I can't help but compare this book with the last teshuva story I read, which was Leah Kotkes' The Map Seeker. Both authors are British women who became frum, but the similarity ends there. Leah Kotkes was raised as a secular Jew, which may explain some of the sketchiness of her narrative. When you've grown up under today's "modern" permissive standards, naturally, you end up doing a few things that ought to be kept private. But Tova Mordechai didn't grow up secular - she was enmeshed in the Pentecostal church - and she told all. Her narrative was detailed, chronological, and didn't skip over periods of time, so it hung together much better than Leah Kotkes' book. In fact, Tova Mordechai's book was so detailed that after a while, I was tired of hearing so much about the church and wanted to get to the teshuva already. Otherwise, I found it a gripping book.

The church as she portrayed it was corrupt, hypocritical, and abusive. Its leadership literally took everything from the author's parents and then spit them out. Yet amazingly, as the author began her teshuva, she felt herself missing church worship. It wasn't that she believed in it anymore, but Jewish observance of mitzvos felt so foreign to her that she wanted to go back to the familiar. I think every BT has felt that way about something. Perhaps it's even a universal experience that echoes the cry of the Jews in the desert: "Take us back to Egypt!" Going forward to unknown spiritual territory is hard.

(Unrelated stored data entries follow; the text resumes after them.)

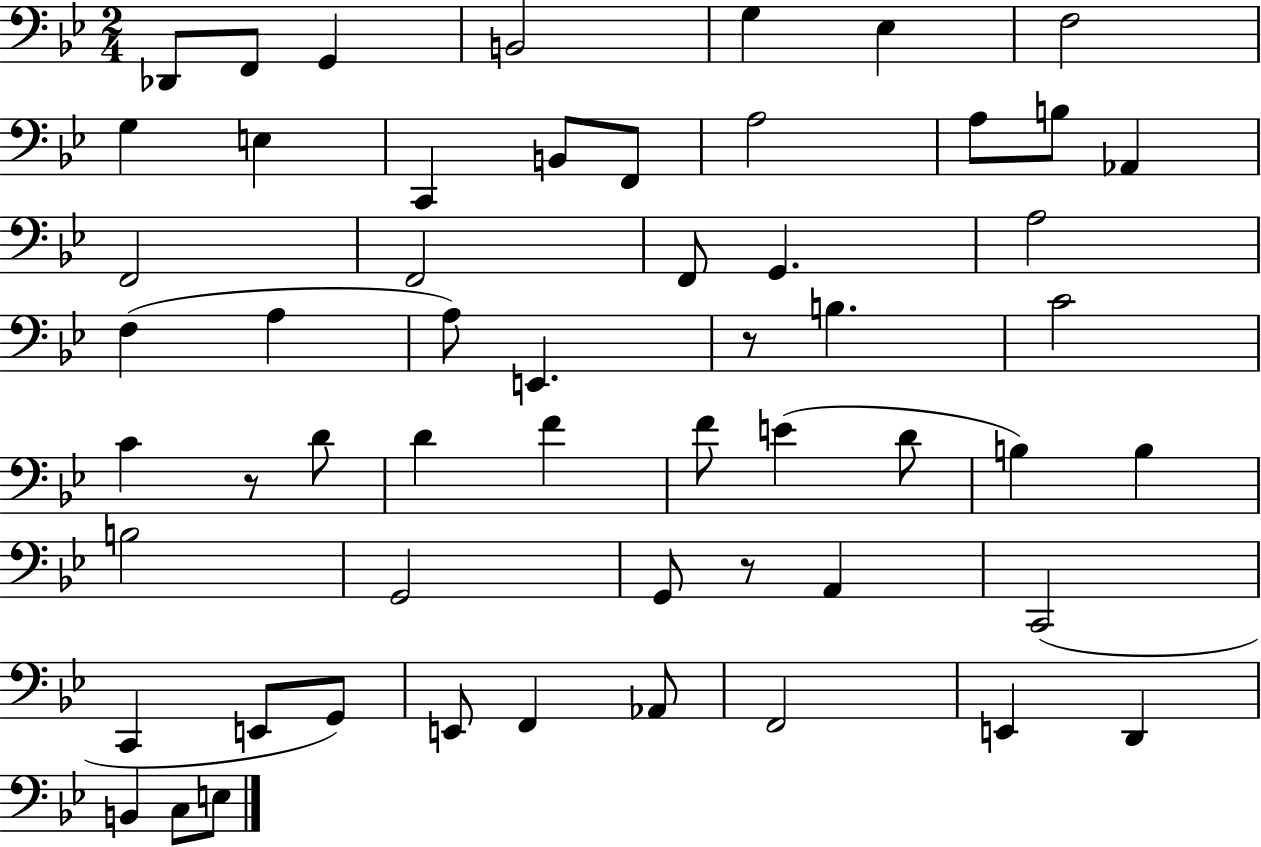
X:1
T:Untitled
M:2/4
L:1/4
K:Bb
_D,,/2 F,,/2 G,, B,,2 G, _E, F,2 G, E, C,, B,,/2 F,,/2 A,2 A,/2 B,/2 _A,, F,,2 F,,2 F,,/2 G,, A,2 F, A, A,/2 E,, z/2 B, C2 C z/2 D/2 D F F/2 E D/2 B, B, B,2 G,,2 G,,/2 z/2 A,, C,,2 C,, E,,/2 G,,/2 E,,/2 F,, _A,,/2 F,,2 E,, D,, B,, C,/2 E,/2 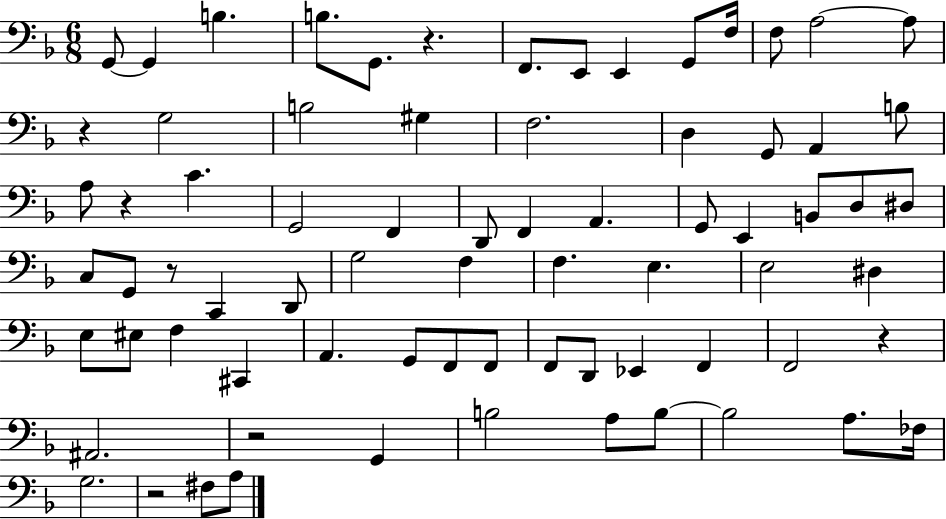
X:1
T:Untitled
M:6/8
L:1/4
K:F
G,,/2 G,, B, B,/2 G,,/2 z F,,/2 E,,/2 E,, G,,/2 F,/4 F,/2 A,2 A,/2 z G,2 B,2 ^G, F,2 D, G,,/2 A,, B,/2 A,/2 z C G,,2 F,, D,,/2 F,, A,, G,,/2 E,, B,,/2 D,/2 ^D,/2 C,/2 G,,/2 z/2 C,, D,,/2 G,2 F, F, E, E,2 ^D, E,/2 ^E,/2 F, ^C,, A,, G,,/2 F,,/2 F,,/2 F,,/2 D,,/2 _E,, F,, F,,2 z ^A,,2 z2 G,, B,2 A,/2 B,/2 B,2 A,/2 _F,/4 G,2 z2 ^F,/2 A,/2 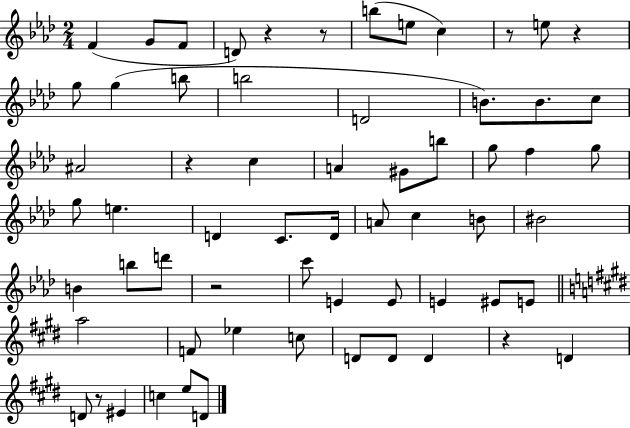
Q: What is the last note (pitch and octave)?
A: D4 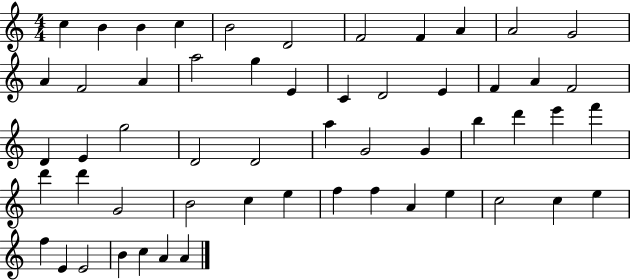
{
  \clef treble
  \numericTimeSignature
  \time 4/4
  \key c \major
  c''4 b'4 b'4 c''4 | b'2 d'2 | f'2 f'4 a'4 | a'2 g'2 | \break a'4 f'2 a'4 | a''2 g''4 e'4 | c'4 d'2 e'4 | f'4 a'4 f'2 | \break d'4 e'4 g''2 | d'2 d'2 | a''4 g'2 g'4 | b''4 d'''4 e'''4 f'''4 | \break d'''4 d'''4 g'2 | b'2 c''4 e''4 | f''4 f''4 a'4 e''4 | c''2 c''4 e''4 | \break f''4 e'4 e'2 | b'4 c''4 a'4 a'4 | \bar "|."
} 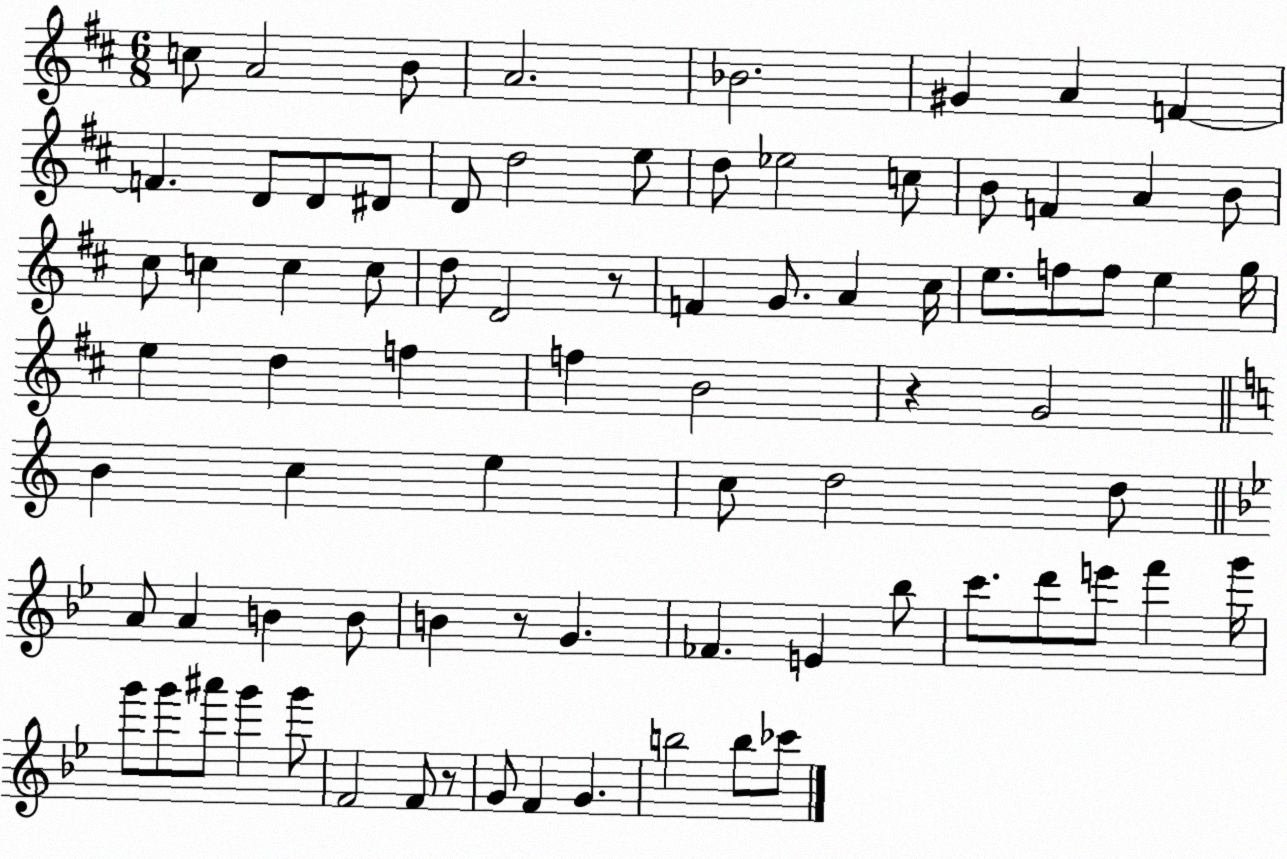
X:1
T:Untitled
M:6/8
L:1/4
K:D
c/2 A2 B/2 A2 _B2 ^G A F F D/2 D/2 ^D/2 D/2 d2 e/2 d/2 _e2 c/2 B/2 F A B/2 ^c/2 c c c/2 d/2 D2 z/2 F G/2 A ^c/4 e/2 f/2 f/2 e g/4 e d f f B2 z G2 B c e c/2 d2 d/2 A/2 A B B/2 B z/2 G _F E _b/2 c'/2 d'/2 e'/2 f' g'/4 g'/2 g'/2 ^a'/2 g' g'/2 F2 F/2 z/2 G/2 F G b2 b/2 _c'/2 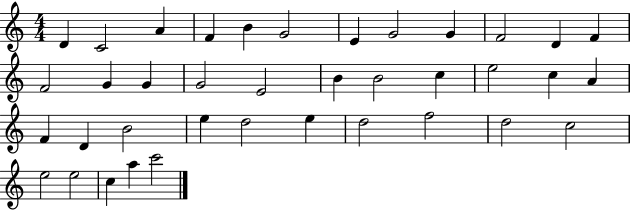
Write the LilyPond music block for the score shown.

{
  \clef treble
  \numericTimeSignature
  \time 4/4
  \key c \major
  d'4 c'2 a'4 | f'4 b'4 g'2 | e'4 g'2 g'4 | f'2 d'4 f'4 | \break f'2 g'4 g'4 | g'2 e'2 | b'4 b'2 c''4 | e''2 c''4 a'4 | \break f'4 d'4 b'2 | e''4 d''2 e''4 | d''2 f''2 | d''2 c''2 | \break e''2 e''2 | c''4 a''4 c'''2 | \bar "|."
} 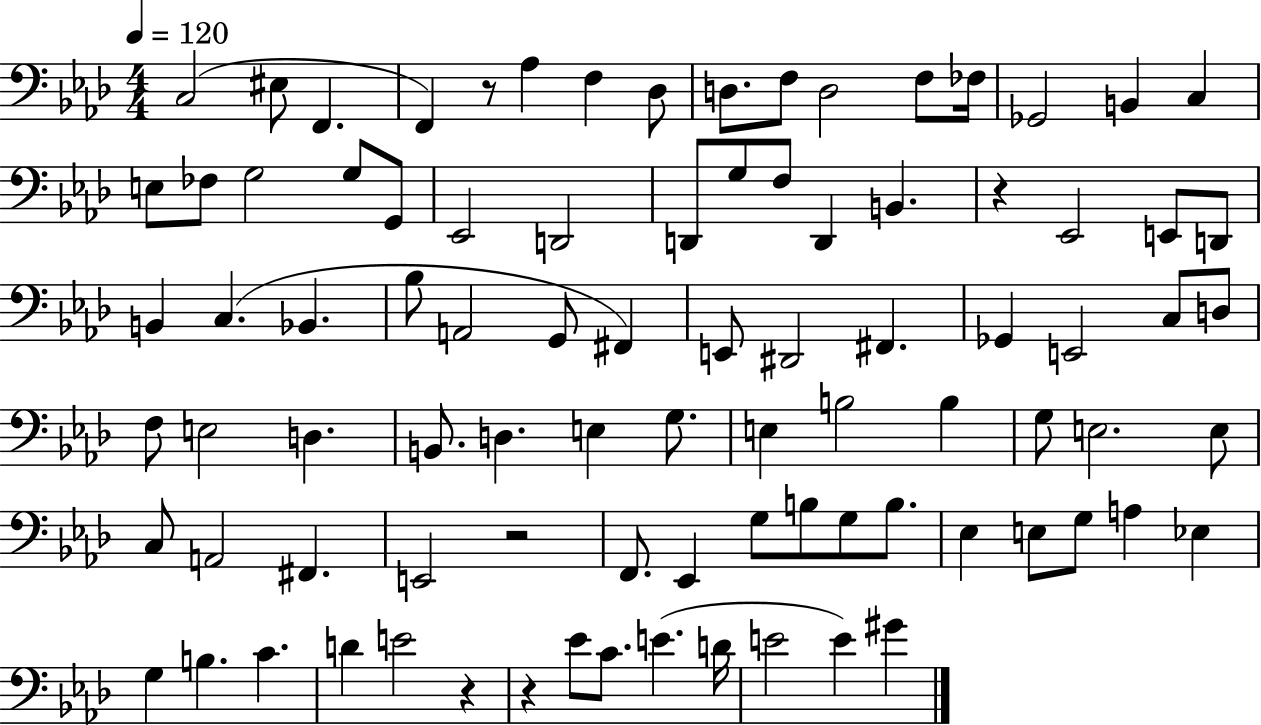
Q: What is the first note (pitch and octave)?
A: C3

If there's one flaw in the book that parallels Leah Kotkes' book, it's that Tova Mordechai's sister Esther should have been described more thoroughly in the beginning. We get a very clear picture of her sister Margaret, to whom she was closer in age, but we only learned about Esther at the end, and that, I think, was a lack in the narrative. But all in all, it was a riveting story with an important message. Strange as the mitzvos may seem to outsiders, practical spirituality, i.e. the observance of laws and rituals based on a written legal tradition, prevents the possibility of self-proclaimed prophets who are out to abuse others for the sake of their own power.